Silence as an Answer: Dead Ends as Progress

by George Faithful

It is a rare privilege to interview a leader of a living religious community, the historical roots of which one has been researching. I had such a privilege in June, 2010, when my wife and I had tea with Sister Verita of the Evangelical Sisterhood of Mary in Darmstadt, Germany.

My research concerned the formation and early years of the sisterhood. I had many questions. How were its founders shaped by their experience of the Weimar Republic and the Third Reich? To what extent had the sisterhood’s message and mission developed since its formal founding in 1946? What do the living sisters remember from those early years? And has the sisterhood maintained any sort of archive?

 

The gates of Kanaan, the devotional gardens and site of the motherhouse of the Evangelical Sisterhood of Mary, Darmstadt, Germany. Usually, to the left of the gate stands a relief of angels and the word “Repent!” It was then under renovation. Photo © 2010 Enelia V. Faithful

Sister Verita had few answers to my specific questions, though she filled us with crackers and Cup o’ Soup, for which I was extremely grateful, with an athlete’s appetite on a grad student’s budget.

Beyond what Mother Basilea herself had written in her published works, there was little to say about the early years. The girls who would become the first sisters were members of a Bible study led by the future founding mothers. They begged God to forgive them and their country on the night of the Allied bombing of their city on September 11, 1944. This moment became cemented into the sisterhood’s founding narrative.

The sisterhood’s message did develop over time, with an increasing emphasis on reconciliation and repentance toward Jewish people by the mid-1950s. These insights were amply recorded by Mother Basilea and there was little that current sisters could do, beyond confirming what she had already said.

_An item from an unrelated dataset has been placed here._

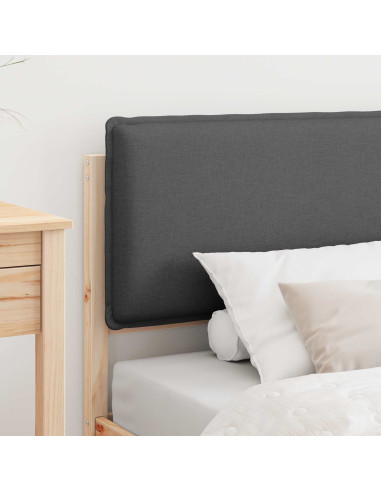 Letto con Testiera Rivestita Grigio scuro 90 x 190 cm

The first generation of sisters was passing. Those still living had all been fairly young during the war. None were available for comment, infirm but well-cared for by the younger sisters.

No, an archive did not exist.

I came seeking personal insight in vivid detail. Mid-conversation, I realized that my remaining questions were irrelevant, not in terms of my research but in terms of the current community.

I was concerned with the past. For answers to my questions, I needed to turn to regional church archives and to the national library (where, Gott sei Dank, everything Basilea ever published is on file, including many early works that are now out-of-print, even at the sisters’ self-run publishing house).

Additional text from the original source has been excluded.